Lui ferait-on réellement un honneur plus grand en essayant d'avancer
qu'à son sang de Français se serait mêlé
celui, disons, d'une race supérieure quelconque ?
Toujours
est-il. que nous n'aimons pas être traités de sauvages,
ni par des journalistes imbéciles, ni par des académiciens,
gens d'esprit par état.

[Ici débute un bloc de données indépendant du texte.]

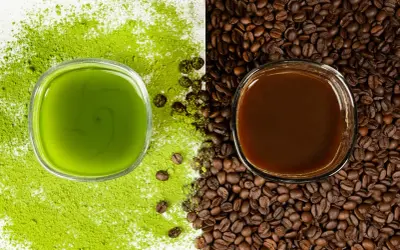 Zielony napój matcha obok ciemnej kawy, otoczone proszkiem matcha i ziarnami kawy. Wybór na poranek: matcha zamiast kawy?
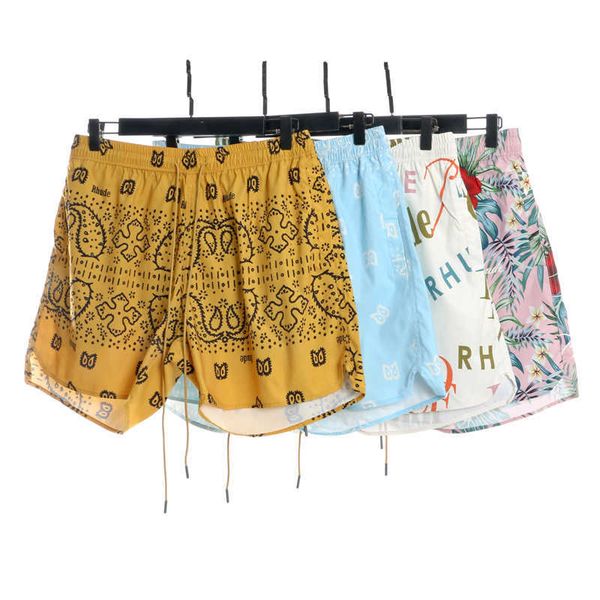 

designer clothing short casual rhude woven nylon double layer shorts cashew flowers all over the body floral casual vacation beach pants loo, White;black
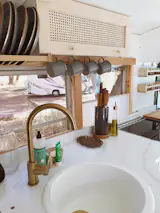 The sink was chosen to accommodate their largest fry pan for dishwashing. Both it and the faucet were sourced from Amazon for $190.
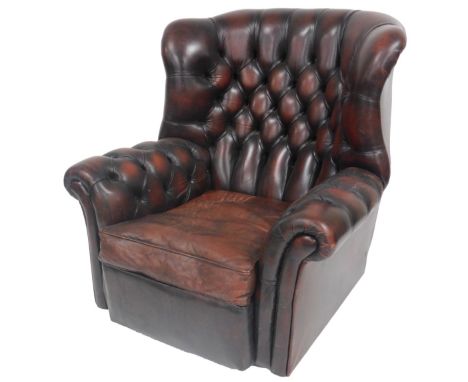 A brown leather wing armchair, with button back and arms, and loose cushion seat, 94cm wide.
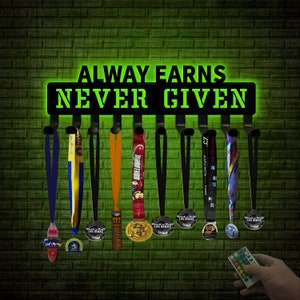 May include: A black metal medal display rack with the words "ALWAYS EARNS NEVER GIVEN" in green neon. Several colorful marathon medals hang from the rack, against a green brick wall.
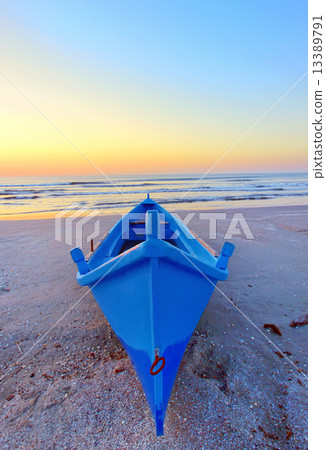 fishing boat on the seashore at sunrise 13389791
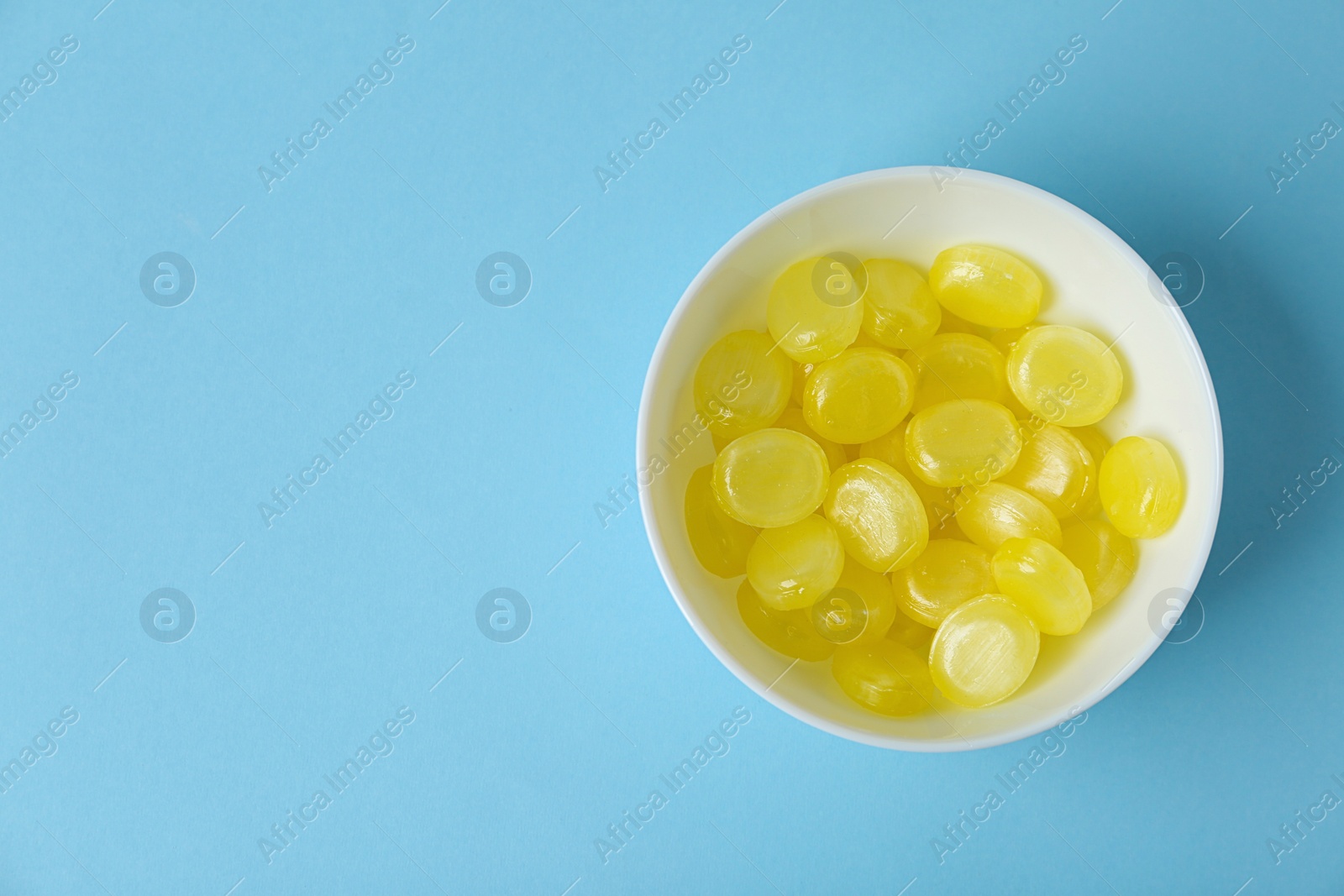 Photo of Delicious lemon drops in bowl on light blue background, top view. Space for text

Nous prétendons que ce n'est pas
simple susceptibilité, mais légitime souci de la vérité.
Et puisque l'on cherche à tourner cette niaiserie en injure,
nous ne pouvons qu'applaudir à la conclusion où le conférencier
exprime avec éloquence son honnête indignation : « Nous
voulons bien être admis dans la grande famille française,
mais nous ne voulons pas que ce soit par la porté de l'humiliation.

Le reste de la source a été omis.